RE: [PATCH V4 05/18] iommu/ioasid: Redefine IOASID set and allocation APIs

From: Tian, Kevin
Date: Fri Apr 02 2021 - 03:30:36 EST


> From: Jason Gunthorpe <jgg@xxxxxxxxxx>
> Sent: Friday, April 2, 2021 12:04 AM
>
> On Thu, Apr 01, 2021 at 02:08:17PM +0000, Liu, Yi L wrote:
>
> > DMA page faults are delivered to root-complex via page request message
> and
> > it is per-device according to PCIe spec. Page request handling flow is:
> >
> > 1) iommu driver receives a page request from device
> > 2) iommu driver parses the page request message.
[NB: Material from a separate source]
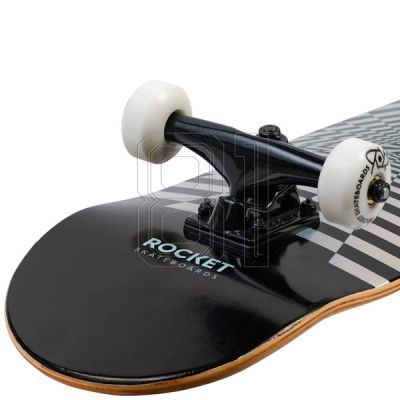 4. Rocket Prism Foil Skateboard 7,75" RKT-COM-1554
Get the RID,PASID,
> faulted
> > page and requested permissions etc.
> > 3) iommu driver triggers fault handler registered by device driver with
> > iommu_report_device_fault()
>
> This seems confused.
>
> The PASID should define how to handle the page fault, not the driver.
>
> I don't remember any device specific actions in ATS, so what is the
> driver supposed to do?
>
> > 4) device driver's fault handler signals an event FD to notify userspace to
> > fetch the information about the page fault. If it's VM case, inject the
> > page fault to VM and let guest to solve it.
>
> If the PASID is set to 'report page fault to userspace' then some
> event should come out of /dev/ioasid, or be reported to a linked
> eventfd, or whatever.
>
> If the PASID is set to 'SVM' then the fault should be passed to
> handle_mm_fault
>
> And so on.
>
> Userspace chooses what happens based on how they configure the PASID
> through /dev/ioasid.
>
> Why would a device driver get involved here?
>
> > Eric has sent below series for the page fault reporting for VM with passthru
> > device.
> > https://lore.kernel.org/kvm/20210223210625.604517-5-
> eric.auger@xxxxxxxxxx/
>
> It certainly should not be in vfio pci. Everything using a PASID needs
> this infrastructure, VDPA, mdev, PCI, CXL, etc.
>

This touches an interesting fact:

The fault may be triggered in either 1st-level or 2nd-level page table,
when nested translation is enabled (in vSVA case). The 1st-level is bound
by the user space, which therefore needs to receive the fault event. The
2nd-level is managed by VFIO (or vDPA), which needs to fix the fault in
kernel (e.g. find HVA per faulting GPA, call handle_mm_fault and map
GPA->HPA to IOMMU). Yi's current proposal lets VFIO to register the
device fault handler, which then forward the event through /dev/ioasid
to userspace only if it is a 1st-level fault. Are you suggesting a pgtable-
centric fault reporting mechanism to separate handlers in each level,
i.e. letting VFIO register handler only for 2nd-level fault and then /dev/
ioasid register handler for 1st-level fault?

Thanks
Kevin